Supplied material>
———
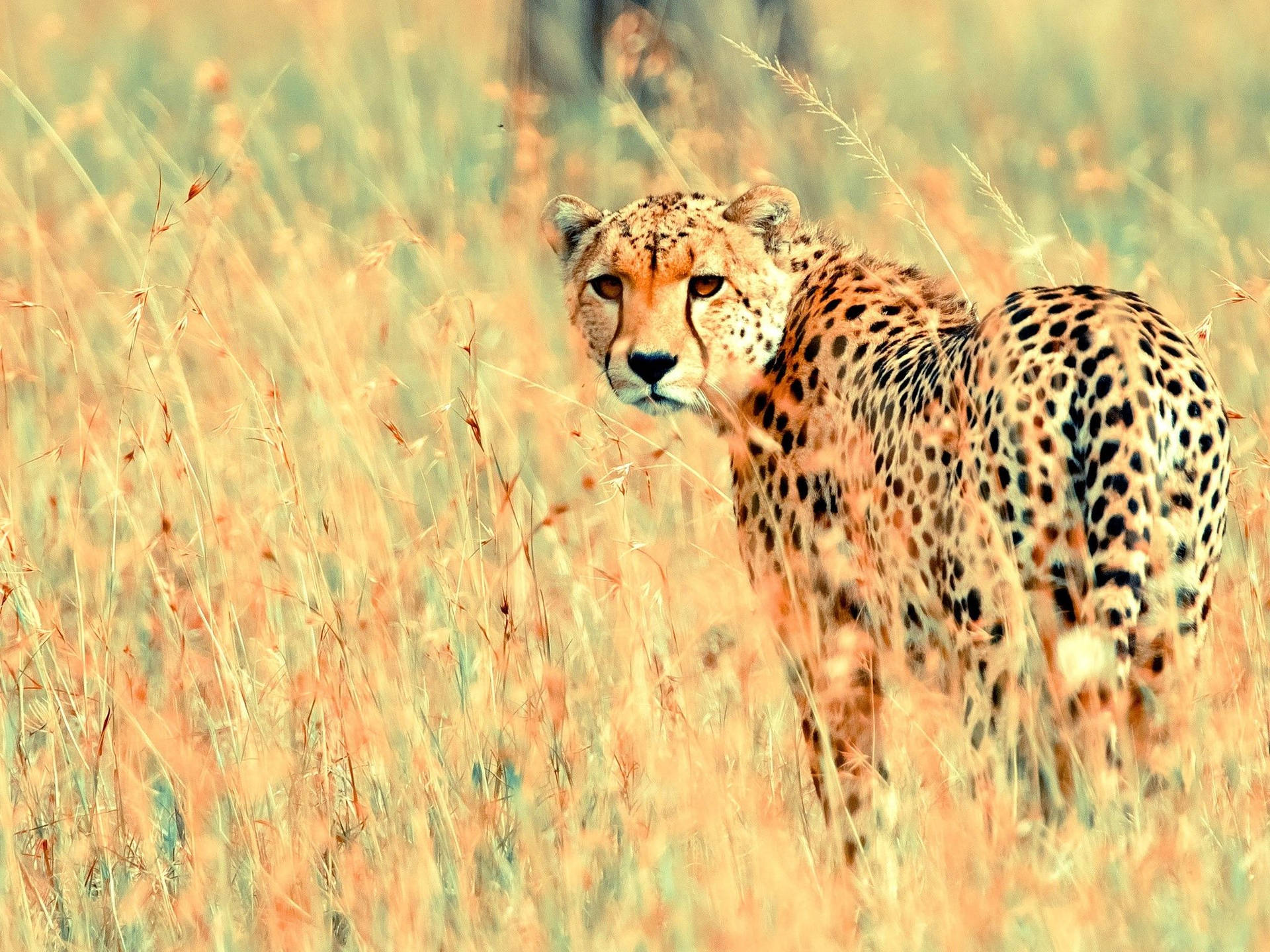 2048X1536 Cheetah Wallpaper and Background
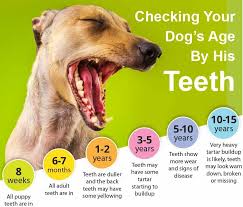 checking your dog s age by his teeth if you adopted your dog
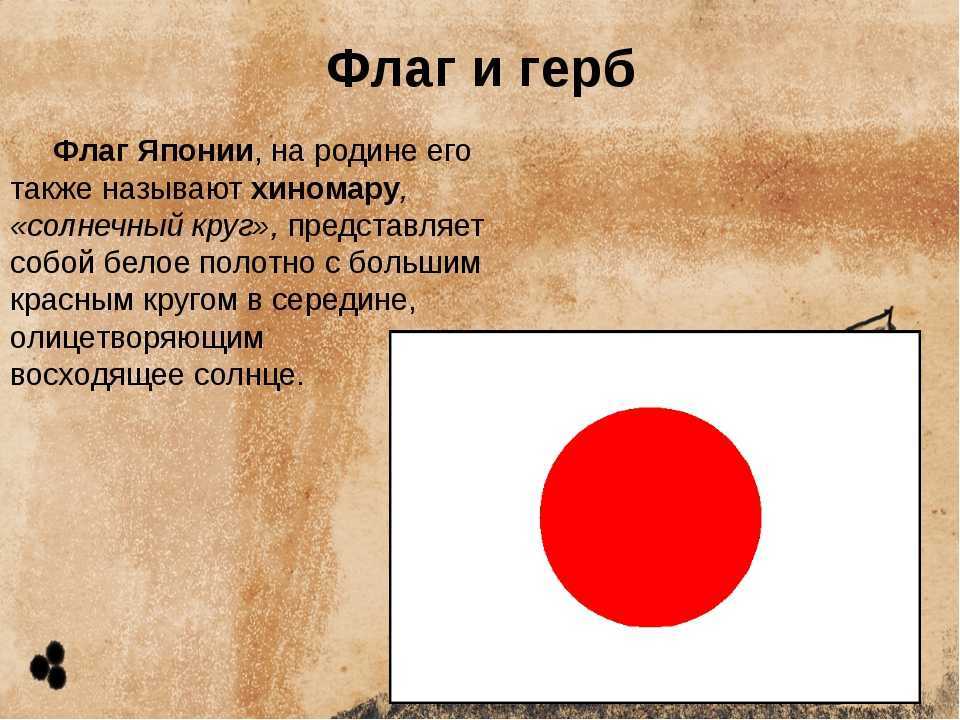 Хризантема – символ японии. японский взгляд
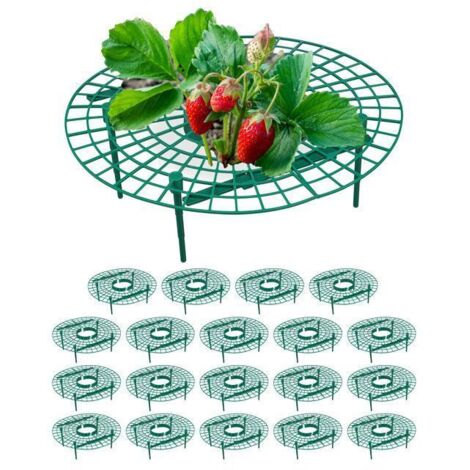 Support à Fraises, Lot de 20, Anti-limaces et Anti-pourriture, Grille de Culture en Plastique Vert pour Fraisiers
———
To do> Output a faithful copy of the data, with each picture left out.

Reply>
 2048X1536 Cheetah Wallpaper and Background
 checking your dog s age by his teeth if you adopted your dog
 Хризантема – символ японии. японский взгляд
 Support à Fraises, Lot de 20, Anti-limaces et Anti-pourriture, Grille de Culture en Plastique Vert pour Fraisiers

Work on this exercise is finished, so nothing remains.